After trips to Niagara Falls, Disney World and Calgary last year, we've decided not to take any big trips this summer. So, we're going to play tourist in our own little part of the world. Last week, we visited Manotick, a small, rural suburb of Ottawa where we had a surprisingly good time.
Kate, Lena and Lena's friend, Sidney and I first stopped at Watson's Mill, a 19th century flour mill along the Rideau Canal. The building houses plenty of artifacts and equipment demonstrating how wheat was received and transformed into flour. The mill also holds demonstrations of the machinery in action and grinds and sells small batches of the flour it produces.
If that isn't enough, a ghost is said to roam the property. Apparently, one of the mill's owners, Joseph Currier married a young American woman, Ann Corsby, shortly after the mill began operation. At an event marking its first year in business, Currier was showing young Ann around the joint when her dress got caught in some of the machinery and pulled her violently into a beam, killing her instantly. Alas, her spectre was not in evidence the day we were there.
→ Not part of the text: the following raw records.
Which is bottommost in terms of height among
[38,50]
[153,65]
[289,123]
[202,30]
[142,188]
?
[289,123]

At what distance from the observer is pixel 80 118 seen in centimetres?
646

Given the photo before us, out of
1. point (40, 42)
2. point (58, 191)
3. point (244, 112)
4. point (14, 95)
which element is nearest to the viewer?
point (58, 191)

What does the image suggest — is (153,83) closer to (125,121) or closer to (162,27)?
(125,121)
After the mill, we headed across the street to the Dickinson House, where the family of the other co-owner, Moss Dickinson, lived until the 1930s. Again, the house is furnished in a mix of the Victorian and Edwardian styles and the resident interpreters gave an excellent overview of both the Dickinson family history and of life in the 19th and early 20th century. I love this kind of small "h" history -the history of everyday life and every man and woman - very much. Sadly, one of the interpreters mentioned to us that the City of Ottawa is considering selling the property and shutting the museum. Losing this little piece of local history would be a shame.
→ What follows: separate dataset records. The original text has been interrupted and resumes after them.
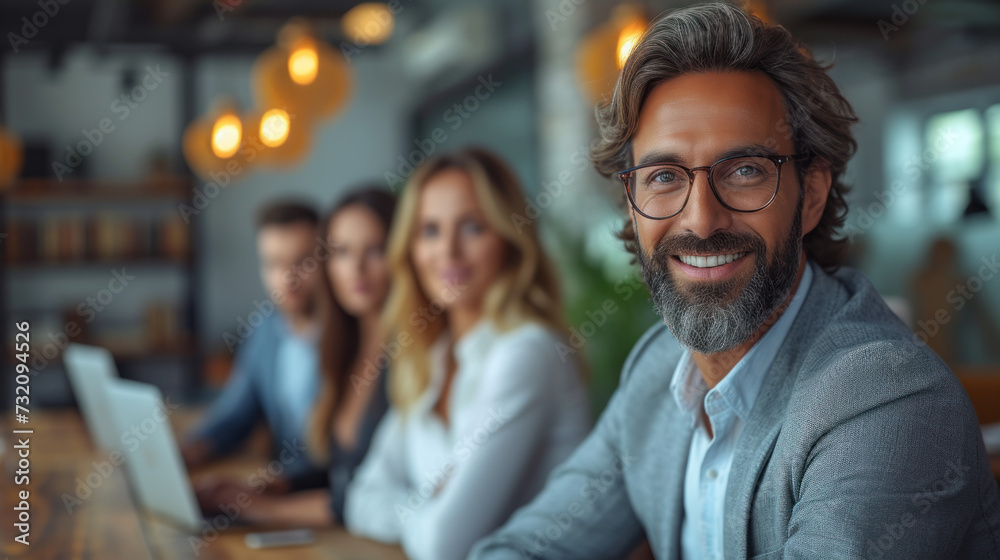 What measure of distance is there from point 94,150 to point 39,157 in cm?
42

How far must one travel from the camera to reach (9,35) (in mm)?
5824

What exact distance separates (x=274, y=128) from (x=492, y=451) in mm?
2075

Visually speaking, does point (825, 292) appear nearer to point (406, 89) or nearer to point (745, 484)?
point (745, 484)

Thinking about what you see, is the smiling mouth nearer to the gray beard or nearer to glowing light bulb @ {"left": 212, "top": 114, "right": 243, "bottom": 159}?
the gray beard

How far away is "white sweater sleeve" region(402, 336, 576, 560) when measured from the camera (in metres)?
1.54

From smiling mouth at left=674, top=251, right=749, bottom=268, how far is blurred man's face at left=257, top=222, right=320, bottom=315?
Result: 6.72 feet

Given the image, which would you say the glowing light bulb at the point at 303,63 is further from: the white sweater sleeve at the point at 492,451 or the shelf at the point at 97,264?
the shelf at the point at 97,264

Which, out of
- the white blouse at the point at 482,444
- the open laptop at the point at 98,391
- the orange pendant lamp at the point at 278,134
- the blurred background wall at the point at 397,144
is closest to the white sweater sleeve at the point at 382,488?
the white blouse at the point at 482,444

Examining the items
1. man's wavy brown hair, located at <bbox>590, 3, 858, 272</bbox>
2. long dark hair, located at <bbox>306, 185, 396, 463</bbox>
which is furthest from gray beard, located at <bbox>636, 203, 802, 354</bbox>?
long dark hair, located at <bbox>306, 185, 396, 463</bbox>

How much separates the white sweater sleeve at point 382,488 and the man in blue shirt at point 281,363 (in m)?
0.72

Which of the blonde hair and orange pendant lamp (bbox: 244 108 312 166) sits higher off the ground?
orange pendant lamp (bbox: 244 108 312 166)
We had worked up quite an appetite after our fix of industrial and social history, so we headed to the corner of Mitch Owens Drive and Main Street where a two-trailer food truck sits on a vacant lot. Pizza All'Antica is the kind of mom-and-pop operation I love. Actually, the operation seems to be run by a man and his mother-in-law. The front man, Joe, is clearly proud of what he is doing with his business. He is a big friendly guy who is quite happy to talk about the pizzas he makes with fresh ingredients, many imported from Naples where, many allege, pizza was born, and then baked in a mobile wood-burning oven. Just sitting at the picnic table in the lot smelling the smoke was worth the trip, but the pizza is quite possibly the best I've ever had. Very fresh toppings, including a wonderful fresh-tasting homemade sauce, sit on top of a perfectly cooked and very thin crust. As Kate said, the pizza quells your hunger without it feeling heavy on your stomach. I really can't say enough about this place. If you're ever in Manotick, you have to stop and try it. Even if you're not in Manotick, this place is worth making a special trip to try.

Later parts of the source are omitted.